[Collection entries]
========
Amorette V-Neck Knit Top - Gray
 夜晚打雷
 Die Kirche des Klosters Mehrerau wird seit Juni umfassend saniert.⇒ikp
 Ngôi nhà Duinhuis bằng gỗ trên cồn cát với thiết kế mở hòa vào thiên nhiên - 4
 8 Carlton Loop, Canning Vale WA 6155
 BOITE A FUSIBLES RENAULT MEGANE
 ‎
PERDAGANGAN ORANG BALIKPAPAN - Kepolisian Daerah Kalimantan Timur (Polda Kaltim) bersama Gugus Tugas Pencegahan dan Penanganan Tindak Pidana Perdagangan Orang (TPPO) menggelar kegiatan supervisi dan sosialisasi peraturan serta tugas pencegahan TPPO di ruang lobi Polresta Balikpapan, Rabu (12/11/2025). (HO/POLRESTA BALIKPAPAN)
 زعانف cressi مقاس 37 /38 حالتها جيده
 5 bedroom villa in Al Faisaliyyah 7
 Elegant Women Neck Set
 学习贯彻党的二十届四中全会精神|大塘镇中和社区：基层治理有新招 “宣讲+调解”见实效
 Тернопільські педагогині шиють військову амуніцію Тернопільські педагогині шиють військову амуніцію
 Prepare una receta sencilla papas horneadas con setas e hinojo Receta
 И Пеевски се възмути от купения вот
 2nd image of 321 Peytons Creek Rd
========
Instructions for the task -> Show all lines in the entries above where the word "Neck" appears.

Expected answer ->
Amorette V-Neck Knit Top - Gray
 Elegant Women Neck Set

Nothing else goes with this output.